THE PROBLEM :: Copy out all lines in the data below containing the string "para".

—————

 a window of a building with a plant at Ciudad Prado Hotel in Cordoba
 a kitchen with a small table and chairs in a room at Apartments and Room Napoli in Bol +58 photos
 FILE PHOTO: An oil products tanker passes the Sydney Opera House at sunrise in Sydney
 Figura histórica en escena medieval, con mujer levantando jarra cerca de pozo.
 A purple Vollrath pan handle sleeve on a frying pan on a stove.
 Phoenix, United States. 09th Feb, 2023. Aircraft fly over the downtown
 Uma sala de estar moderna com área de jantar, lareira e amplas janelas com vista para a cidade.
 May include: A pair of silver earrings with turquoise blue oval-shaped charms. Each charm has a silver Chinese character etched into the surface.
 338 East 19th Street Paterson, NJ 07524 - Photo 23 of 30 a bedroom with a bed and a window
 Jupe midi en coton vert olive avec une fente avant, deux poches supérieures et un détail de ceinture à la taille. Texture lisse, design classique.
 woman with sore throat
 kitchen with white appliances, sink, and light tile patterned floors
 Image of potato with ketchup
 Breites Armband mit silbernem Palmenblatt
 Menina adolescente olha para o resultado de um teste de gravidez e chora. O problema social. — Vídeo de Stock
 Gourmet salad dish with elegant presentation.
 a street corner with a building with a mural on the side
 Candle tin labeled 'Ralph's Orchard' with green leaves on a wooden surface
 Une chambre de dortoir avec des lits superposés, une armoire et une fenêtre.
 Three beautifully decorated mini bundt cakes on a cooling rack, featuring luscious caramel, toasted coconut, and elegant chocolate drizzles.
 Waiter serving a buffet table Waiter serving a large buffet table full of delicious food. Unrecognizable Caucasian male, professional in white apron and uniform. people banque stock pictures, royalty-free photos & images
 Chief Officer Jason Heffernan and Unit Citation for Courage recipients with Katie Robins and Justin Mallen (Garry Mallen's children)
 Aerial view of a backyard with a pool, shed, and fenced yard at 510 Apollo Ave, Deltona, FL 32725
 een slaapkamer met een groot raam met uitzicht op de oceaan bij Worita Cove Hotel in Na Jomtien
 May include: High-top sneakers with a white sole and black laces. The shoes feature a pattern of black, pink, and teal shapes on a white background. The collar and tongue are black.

—————

SOLUTION TO THIS TASK ::
 Uma sala de estar moderna com área de jantar, lareira e amplas janelas com vista para a cidade.
 Menina adolescente olha para o resultado de um teste de gravidez e chora. O problema social. — Vídeo de Stock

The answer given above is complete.